Recently I ordered the Death Certificate for my 4x great-grandfather Thomas Bean (1794 – 1845), when I order new Death Certificates I never know what will be revealed until the mail arrives. Usually it’s a death attributed to old age in someway, but every now and then I find something interesting and it leads me to new records I previously knew nothing about.
I have slowly been building my collection of BMD records and as these cost £9.25 each I have been adding them to my collection slowly. I currently hold about 180 certificates which have all been digitized at high-resolution and uploaded to my ancestry tree for anyone researching these branches. Sadly I have never found a certificate on Ancestry uploaded by anyone else which is directly related to my tree and helps with my research, everybody just waits for me to upload mine instead. Which I really don’t mind, I put them there to share, (being honest) one of my pet hates is when somebody downloads the record and then re-uploads it and pretends it was their money and research to begin with. So now when I hit the ‘search records’ button for one of my ancestors, I can find anything between 1 – 5 copies on Ancestry of the same certificate. That’s just silly, all you need do guys is press add to my tree (Download it by all means, for your own personal records).

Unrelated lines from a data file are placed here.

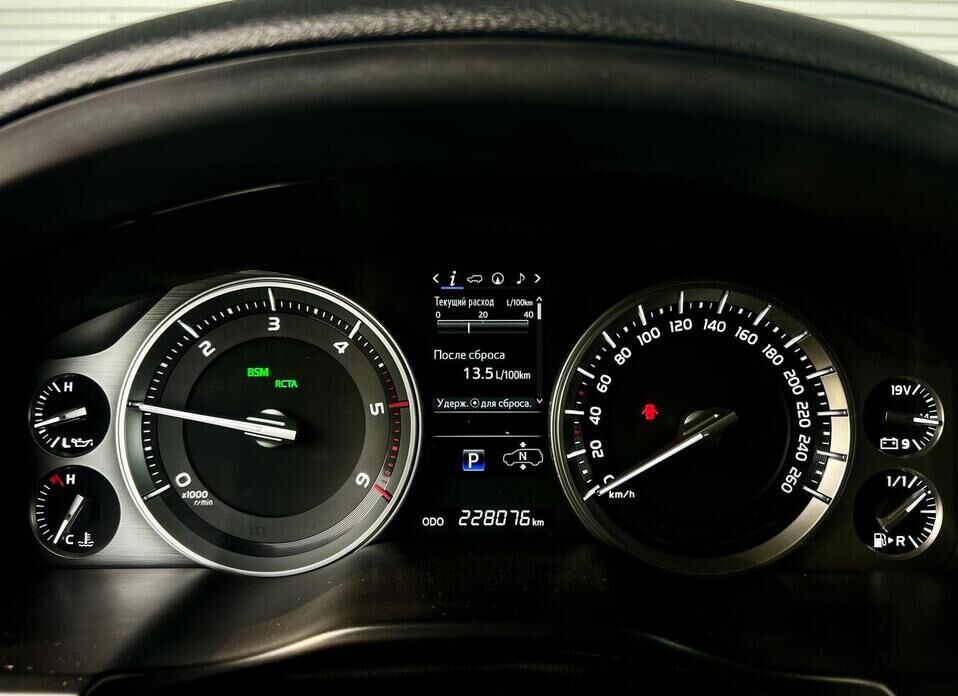 Toyota Land Cruiser, 200 Series Рестайлинг 2 4.5d AT (249 л.с.) 4WD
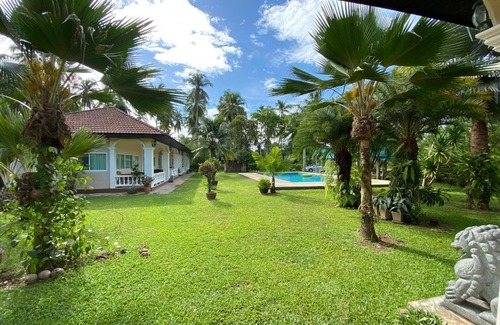 Phongprasan House | Palm Gardens Resort, Bang Saphan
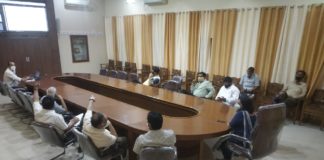 श्रमिकों का पलायन रोकने और आवागमन के लिए ऑनलाइन वेब पोर्टल की दी जानकारी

Anyway It’s going to be a little while before I add any more certificates to Ancestry, my scanner is no longer working (over exhausted). 😦
Below is a transcription of a newspaper article published in the Morning Post – 7 August 1845 regarding the death of my 4x great-grandfather ‘Thomas Bean’, who was horrifically killed by a horse.
A Man Killed By a Horse
Yesterday forenoon an inquest was held by Mr Wakley, M.P., at the Middlesex Hospital, on the body of Thomas Bean, aged fifty-two, a farm servant to the Rev. John Gray, of Whembley-park, near Harrow. The deceased, who had been in the employ of the above-named gentleman for some years, occasionally acted in the capacity of carter. On Saturday night last, about nine o’clock, he was proceeding through Harrow towards the farm with a cart-load of hay, drawn by two horses, when in descending Denham-hill, which is rather steep, the fore horse was running away, and deceased to check it’s progress laid hold of the bridle. The suddenness of the jerk caused the horse to turn it’s head sharply round, and by so doing deceased was knocked down and falling under the animals feet it kicked and trampled on him several times. An inhabitant of the village at the moment came along in his cart, into which he lifted deceased, and was conveyed to the above hospital, when it was found that six of his ribs were broken and his left blade bone literally smashed, added to which he had sustained some severe contusions on the head. He died on Sunday evening. Mr Gray’s bailiff, and others having spoken to the quite and docile character of the horse which inflicted the injuries on the deceased. the Jury returned a verdict of “Accidental death”.